Le CEE a recommandé d’accueillir l’appel et de renvoyer l’affaire en vue d’une nouvelle décision avec la directive d’ordonner à tout le moins une enquête de portée limitée sur la plainte. Au cours du processus d’enquête, l’appelant devrait être autorisé à répondre à la réponse du présumé harceleur à sa plainte et à tout autre document recueilli.

Décision de la commissaire de la GRC datée le 7 février 2023

La commissaire a rendu la décision suivante, telle que résumée par son personnel :

[Traduction]

L’appelant a déposé une plainte de harcèlement contre le présumé harceleur. L’intimée n’a pas ordonné d’enquête ni demandé à l’appelant de réfuter la réponse détaillée présentée par le présumé harceleur. Elle a conclu que l’allégation de harcèlement n’avait pas été établie.

L’appelant a fait appel de la décision de l’intimée au motif qu’elle avait été rendue en violation des principes d’équité procédurale. Il soutenait qu’une enquête sur son allégation était nécessaire et que certaines des allégations qu’il avait formulées n’avaient pas été examinées.

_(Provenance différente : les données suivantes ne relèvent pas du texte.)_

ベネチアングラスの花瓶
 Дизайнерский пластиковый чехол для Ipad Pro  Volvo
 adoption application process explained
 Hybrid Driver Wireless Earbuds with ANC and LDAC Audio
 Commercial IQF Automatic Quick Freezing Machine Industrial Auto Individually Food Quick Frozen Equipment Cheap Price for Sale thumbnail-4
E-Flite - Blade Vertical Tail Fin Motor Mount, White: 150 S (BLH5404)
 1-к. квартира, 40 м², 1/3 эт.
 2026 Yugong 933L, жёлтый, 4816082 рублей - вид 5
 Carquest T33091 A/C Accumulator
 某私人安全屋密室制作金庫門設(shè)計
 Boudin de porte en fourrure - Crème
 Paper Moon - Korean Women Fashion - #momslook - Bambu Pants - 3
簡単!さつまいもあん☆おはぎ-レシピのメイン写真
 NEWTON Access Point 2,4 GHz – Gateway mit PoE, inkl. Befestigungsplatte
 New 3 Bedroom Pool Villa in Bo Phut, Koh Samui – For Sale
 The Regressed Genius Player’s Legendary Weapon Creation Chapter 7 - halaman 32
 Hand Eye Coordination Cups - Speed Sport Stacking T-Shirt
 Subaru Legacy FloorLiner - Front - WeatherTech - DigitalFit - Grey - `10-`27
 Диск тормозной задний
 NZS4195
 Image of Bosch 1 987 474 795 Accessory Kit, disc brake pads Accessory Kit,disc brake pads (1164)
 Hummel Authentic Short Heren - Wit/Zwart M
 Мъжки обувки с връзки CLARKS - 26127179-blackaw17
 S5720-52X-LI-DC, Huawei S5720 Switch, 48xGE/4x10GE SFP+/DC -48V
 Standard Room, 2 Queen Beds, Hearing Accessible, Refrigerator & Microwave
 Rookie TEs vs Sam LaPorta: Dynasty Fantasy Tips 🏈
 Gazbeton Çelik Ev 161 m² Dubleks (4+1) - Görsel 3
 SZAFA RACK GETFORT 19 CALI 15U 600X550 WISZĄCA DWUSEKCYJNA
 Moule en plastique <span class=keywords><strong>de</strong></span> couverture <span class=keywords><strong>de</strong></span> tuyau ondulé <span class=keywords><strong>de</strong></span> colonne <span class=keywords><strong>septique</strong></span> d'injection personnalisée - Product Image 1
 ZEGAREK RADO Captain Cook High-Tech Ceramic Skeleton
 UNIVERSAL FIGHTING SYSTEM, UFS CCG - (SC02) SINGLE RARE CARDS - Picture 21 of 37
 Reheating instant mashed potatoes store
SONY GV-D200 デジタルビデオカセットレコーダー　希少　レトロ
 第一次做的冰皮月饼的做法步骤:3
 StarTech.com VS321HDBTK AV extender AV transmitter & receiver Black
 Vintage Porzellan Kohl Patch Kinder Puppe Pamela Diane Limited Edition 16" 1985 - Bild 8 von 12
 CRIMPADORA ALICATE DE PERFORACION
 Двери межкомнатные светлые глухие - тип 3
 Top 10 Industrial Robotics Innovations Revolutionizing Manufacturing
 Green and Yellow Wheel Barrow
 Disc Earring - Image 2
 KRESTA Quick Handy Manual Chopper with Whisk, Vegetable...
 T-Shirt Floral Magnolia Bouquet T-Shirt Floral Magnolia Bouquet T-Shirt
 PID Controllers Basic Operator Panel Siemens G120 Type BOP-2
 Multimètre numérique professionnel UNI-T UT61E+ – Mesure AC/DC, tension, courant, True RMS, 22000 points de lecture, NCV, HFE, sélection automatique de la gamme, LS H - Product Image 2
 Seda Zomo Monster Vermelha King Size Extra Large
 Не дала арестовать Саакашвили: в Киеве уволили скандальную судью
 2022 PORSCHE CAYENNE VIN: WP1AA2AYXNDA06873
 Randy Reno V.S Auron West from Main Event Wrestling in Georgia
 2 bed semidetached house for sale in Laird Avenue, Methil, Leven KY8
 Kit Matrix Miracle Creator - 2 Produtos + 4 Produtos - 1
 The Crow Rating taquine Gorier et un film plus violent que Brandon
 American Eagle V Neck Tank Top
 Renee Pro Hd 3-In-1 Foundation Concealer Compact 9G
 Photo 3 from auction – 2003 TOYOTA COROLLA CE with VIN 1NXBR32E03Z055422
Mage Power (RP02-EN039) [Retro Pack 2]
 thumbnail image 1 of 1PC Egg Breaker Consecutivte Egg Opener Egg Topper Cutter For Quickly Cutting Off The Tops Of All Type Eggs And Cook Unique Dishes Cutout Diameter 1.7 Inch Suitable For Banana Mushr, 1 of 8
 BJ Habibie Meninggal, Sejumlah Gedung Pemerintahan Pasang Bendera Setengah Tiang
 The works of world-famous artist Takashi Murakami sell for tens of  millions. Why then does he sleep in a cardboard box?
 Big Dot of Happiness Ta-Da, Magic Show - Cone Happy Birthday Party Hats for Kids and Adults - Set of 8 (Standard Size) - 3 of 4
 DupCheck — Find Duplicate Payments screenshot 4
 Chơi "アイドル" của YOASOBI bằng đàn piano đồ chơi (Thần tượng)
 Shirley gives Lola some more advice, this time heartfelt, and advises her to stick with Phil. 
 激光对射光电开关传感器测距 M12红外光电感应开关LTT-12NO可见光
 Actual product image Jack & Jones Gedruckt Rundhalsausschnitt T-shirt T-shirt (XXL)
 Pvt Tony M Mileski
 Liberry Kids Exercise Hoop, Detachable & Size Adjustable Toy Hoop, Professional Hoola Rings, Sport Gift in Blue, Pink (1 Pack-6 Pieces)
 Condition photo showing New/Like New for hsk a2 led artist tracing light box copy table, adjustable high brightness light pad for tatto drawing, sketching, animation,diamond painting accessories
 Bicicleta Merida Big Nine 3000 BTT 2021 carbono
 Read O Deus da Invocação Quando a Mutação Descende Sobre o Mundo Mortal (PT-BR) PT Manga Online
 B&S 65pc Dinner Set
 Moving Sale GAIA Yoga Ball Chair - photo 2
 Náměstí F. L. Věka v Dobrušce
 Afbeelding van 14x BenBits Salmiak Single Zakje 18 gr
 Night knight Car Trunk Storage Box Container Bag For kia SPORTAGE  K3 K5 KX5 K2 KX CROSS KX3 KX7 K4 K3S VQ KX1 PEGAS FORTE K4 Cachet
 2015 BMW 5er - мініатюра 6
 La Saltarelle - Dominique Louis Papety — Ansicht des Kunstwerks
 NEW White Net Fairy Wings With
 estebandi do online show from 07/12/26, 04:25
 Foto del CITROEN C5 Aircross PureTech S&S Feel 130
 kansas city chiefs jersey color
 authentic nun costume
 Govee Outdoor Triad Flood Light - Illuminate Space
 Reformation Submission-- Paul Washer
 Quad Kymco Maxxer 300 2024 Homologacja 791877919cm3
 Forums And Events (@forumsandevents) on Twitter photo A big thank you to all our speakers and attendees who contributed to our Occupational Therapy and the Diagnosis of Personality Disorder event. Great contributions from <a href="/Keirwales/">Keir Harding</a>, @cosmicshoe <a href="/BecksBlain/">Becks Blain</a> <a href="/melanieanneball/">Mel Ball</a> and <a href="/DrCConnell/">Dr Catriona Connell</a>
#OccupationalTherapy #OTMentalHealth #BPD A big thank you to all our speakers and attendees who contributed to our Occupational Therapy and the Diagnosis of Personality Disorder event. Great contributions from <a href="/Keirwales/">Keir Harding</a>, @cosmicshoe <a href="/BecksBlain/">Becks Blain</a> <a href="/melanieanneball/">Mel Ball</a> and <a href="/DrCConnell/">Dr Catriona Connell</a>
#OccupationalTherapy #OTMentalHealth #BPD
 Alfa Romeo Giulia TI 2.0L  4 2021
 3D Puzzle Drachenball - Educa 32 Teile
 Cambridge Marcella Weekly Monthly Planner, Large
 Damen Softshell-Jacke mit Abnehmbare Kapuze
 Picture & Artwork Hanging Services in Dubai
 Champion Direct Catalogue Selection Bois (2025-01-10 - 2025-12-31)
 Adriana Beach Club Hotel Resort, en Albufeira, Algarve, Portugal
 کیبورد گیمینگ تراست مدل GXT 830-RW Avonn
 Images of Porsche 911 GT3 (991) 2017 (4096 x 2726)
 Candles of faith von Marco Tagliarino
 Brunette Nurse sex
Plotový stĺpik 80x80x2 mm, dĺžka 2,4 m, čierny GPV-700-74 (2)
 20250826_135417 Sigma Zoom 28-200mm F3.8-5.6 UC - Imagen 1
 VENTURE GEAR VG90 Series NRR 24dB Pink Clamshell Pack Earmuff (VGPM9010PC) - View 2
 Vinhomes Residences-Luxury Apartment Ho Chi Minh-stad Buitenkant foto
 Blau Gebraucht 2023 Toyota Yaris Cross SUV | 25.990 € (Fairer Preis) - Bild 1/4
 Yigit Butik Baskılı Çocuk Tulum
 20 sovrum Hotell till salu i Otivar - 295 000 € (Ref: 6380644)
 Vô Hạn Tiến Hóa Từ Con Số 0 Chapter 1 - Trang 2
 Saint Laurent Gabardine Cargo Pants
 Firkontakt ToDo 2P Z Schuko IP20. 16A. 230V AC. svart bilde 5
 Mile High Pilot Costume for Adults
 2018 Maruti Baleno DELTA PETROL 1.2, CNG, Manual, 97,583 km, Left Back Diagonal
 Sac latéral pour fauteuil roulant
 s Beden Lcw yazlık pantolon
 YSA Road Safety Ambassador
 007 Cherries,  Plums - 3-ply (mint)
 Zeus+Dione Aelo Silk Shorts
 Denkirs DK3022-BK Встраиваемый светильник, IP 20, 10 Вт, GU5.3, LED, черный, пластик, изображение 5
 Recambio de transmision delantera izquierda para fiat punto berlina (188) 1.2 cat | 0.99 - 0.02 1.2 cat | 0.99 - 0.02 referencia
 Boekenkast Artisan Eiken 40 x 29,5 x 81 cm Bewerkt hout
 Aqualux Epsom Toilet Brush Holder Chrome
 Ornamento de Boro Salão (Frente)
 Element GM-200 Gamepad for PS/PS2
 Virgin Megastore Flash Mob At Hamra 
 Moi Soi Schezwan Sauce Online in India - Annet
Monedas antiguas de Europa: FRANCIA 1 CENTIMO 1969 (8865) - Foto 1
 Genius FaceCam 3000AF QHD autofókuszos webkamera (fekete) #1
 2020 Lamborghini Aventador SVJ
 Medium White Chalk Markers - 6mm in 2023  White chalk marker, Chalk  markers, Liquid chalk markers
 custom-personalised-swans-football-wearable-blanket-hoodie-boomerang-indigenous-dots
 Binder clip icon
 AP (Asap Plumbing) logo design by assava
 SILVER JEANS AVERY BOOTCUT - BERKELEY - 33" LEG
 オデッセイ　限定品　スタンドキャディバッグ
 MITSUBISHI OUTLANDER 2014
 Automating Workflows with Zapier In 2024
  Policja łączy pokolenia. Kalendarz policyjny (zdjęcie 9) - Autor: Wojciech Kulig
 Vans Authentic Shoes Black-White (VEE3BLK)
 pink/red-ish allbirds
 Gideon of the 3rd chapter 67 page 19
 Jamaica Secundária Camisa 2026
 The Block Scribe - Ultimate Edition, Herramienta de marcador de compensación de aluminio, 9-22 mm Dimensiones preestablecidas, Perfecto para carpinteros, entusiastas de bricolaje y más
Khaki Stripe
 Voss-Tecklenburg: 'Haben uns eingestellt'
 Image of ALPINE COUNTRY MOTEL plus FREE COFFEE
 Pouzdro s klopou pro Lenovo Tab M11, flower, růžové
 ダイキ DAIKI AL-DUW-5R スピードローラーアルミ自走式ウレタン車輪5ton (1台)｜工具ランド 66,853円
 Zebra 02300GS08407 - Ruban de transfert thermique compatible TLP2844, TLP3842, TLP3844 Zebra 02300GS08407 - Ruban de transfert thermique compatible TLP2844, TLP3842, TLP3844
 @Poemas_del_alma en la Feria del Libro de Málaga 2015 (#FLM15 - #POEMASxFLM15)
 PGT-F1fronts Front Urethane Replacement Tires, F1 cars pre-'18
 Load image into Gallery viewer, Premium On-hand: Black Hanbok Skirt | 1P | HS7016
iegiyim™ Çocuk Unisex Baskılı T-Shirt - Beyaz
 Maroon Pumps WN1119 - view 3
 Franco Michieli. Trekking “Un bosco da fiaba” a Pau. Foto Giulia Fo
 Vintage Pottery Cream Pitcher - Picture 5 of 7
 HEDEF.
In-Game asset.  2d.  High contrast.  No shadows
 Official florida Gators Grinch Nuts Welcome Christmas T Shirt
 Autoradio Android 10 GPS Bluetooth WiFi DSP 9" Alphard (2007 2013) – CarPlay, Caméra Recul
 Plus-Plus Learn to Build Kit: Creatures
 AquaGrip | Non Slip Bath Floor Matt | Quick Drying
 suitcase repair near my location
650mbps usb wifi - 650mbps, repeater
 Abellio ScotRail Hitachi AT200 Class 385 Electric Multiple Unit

L’appel a été renvoyé devant le CEE qui, dans un rapport comprenant des conclusions et des recommandations, a recommandé d’accueillir l’appel au motif que la décision avait été rendue en violation des principes d’équité procédurale et qu’elle était manifestement déraisonnable. Le CEE a conclu que le défaut d’avoir mené une enquête ou d’avoir donné suite à la réponse du présumé harceleur constituait un manquement à l’équité procédurale, et que l’omission par l’intimée d’examiner certaines allégations et le défaut d’avoir mené une enquête ont privé l’intimée d’informations importantes, ce qui l’a menée à rendre une décision manifestement déraisonnable. Le CEE a recommandé d’ordonner une enquête et de renvoyer l’affaire à un nouveau décideur.

Après avoir examiné les faits de l’affaire, les dispositions législatives applicables et la jurisprudence pertinente, l’arbitre a souscrit aux conclusions du CEE et a accueilli l’appel. Il a ordonné de renvoyer l’affaire à un nouveau décideur et de mener une enquête d’une portée laissée à la discrétion du nouveau décideur.